Scenario:
I load some data into a local MySQL database each day, about 2 million rows;
I have to (have to - it's an audit/regulatory thing) move to a "properly" administered server, which currently looks to be Oracle 10g;
The server is in a different country: a network round-trip current takes 60-70 ms;
Input is a CSV file in a denormalised form: I normalise the data before loading, each line typically results in 3-8 INSERTs across up to 4 tables;
The load script is currently implemented in Ruby, using ActiveRecord and fastercsv. I've tried the ar-extensions gem, but it assumes that the MySQL style multiple values clause idea will work. It doesn't.
EDIT: Extremely useful answers already - thank-you! More about that pesky input file. The number of fields is variable and positions have changed a few times - my current script determines content by analysing the header row (well, fastercsv and a cunning converter do it). So a straight upload and post-process SQL wouldn't work without several versions of the load file, which is horrible. Also it's a German CSV file: semi-colon delimited (no big deal) and decimals indicated by commas (rather bigger deal unless we load as VARCHAR and text-process afterwards - ugh).
The problem:
Loading 2 million rows at about 7/sec is going to take rather more than 24 hours! That's likely to be a drawback with a daily process, not to mention that the users would rather like to be able to access the data about 5 hours after it becomes available in CSV form!
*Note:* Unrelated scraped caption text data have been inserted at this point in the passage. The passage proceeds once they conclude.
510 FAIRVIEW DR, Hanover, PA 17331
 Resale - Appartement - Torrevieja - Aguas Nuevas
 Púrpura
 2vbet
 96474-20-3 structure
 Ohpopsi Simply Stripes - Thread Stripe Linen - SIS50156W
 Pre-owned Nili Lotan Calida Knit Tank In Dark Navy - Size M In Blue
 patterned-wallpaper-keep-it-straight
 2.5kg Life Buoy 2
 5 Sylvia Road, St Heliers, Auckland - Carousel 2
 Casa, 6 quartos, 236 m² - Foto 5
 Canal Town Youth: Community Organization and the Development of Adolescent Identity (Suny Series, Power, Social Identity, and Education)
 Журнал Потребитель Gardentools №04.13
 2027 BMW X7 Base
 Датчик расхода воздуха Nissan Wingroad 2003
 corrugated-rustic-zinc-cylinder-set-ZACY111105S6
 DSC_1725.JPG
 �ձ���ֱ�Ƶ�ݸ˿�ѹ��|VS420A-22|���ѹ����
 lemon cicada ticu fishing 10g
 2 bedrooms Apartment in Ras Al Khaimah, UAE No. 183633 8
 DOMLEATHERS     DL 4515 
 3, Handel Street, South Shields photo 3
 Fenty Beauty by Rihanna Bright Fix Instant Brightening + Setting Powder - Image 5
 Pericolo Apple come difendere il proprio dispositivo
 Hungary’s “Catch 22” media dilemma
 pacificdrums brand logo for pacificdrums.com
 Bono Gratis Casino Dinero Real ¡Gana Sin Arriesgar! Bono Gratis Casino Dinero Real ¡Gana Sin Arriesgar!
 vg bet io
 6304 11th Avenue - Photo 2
I looked at applying multiple inserts per network trip: the rather ungainly INSERT ALL... syntax would be fine, except that at present I'm applying a unique id to each row using a sequence. It transpires that
INSERT ALL
INTO tablea (id,b,c) VALUES (tablea_seq.nextval,1,2)
INTO tablea (id,b,c) VALUES (tablea_seq.nextval,3,4)
INTO tablea (id,b,c) VALUES (tablea_seq.nextval,5,6)
SELECT 1 FROM dual;
(did I say it was ungainly?) tries to use the same id for all three rows. Oracle docus appear to confirm this.
Latest attempt is to send multiple INSERTs in one execution, e.g.:
INSERT INTO tablea (id,b,c) VALUES (tablea_seq.nextval,1,2);
INSERT INTO tablea (id,b,c) VALUES (tablea_seq.nextval,3,4);
INSERT INTO tablea (id,b,c) VALUES (tablea_seq.nextval,5,6);
I haven't found a way to persuade Oracle to accept that.
The Question(s)
Have I missed something obvious? (I'd be so pleased if that turned out to be the case!)
If I can't send multiple inserts, what else could I try?
Why Accept That One?
For whatever reason, I prefer to keep my code as free from platform-specific constructs as possible: one reason this problem arose is that I'm migrating from MySQL to Oracle; it's possible another move could occur one day for geographical reasons, and I can't be certain about the platform. So getting my database library to the point where it can use a text SQL command to achieve reasonable scaling was attractive, and the PL/SQL block accomplishes that. Now if another platform does appear, the change will be limited to changing the adapter in code: a one-liner, in all probability.
How about shipping the csv file to the oracle db server, use SQLLoader to load the csv file into a staging table and then running a stored procedure to transform and INSERT it in the final tables?
You could use:
insert into tablea (id,b,c)
( select tablea_seq.nextval,1,2 from dual union all
select tablea_seq.nextval,3,4 from dual union all
select tablea_seq.nextval,3,4 from dual union all
select tablea_seq.nextval,3,4 from dual union all
...
)
This works until about up to 1024 lines when I remember correctly.
You could also send it as a PL/SQL batch instruction:
BEGIN
INSERT INTO tablea (id,b,c) VALUES (tablea_seq.nextval,1,2);
INSERT INTO tablea (id,b,c) VALUES (tablea_seq.nextval,3,4);
INSERT INTO tablea (id,b,c) VALUES (tablea_seq.nextval,5,6);
...
COMMIT;
END
I would be loading the raw CSV file to a dedicated table in the database using SQL*Loader without normalising it, then running code against the data in the table to normalise it out to the various required tables. This would minimise the round trips, and is a pretty conventional approach in the Oracle community.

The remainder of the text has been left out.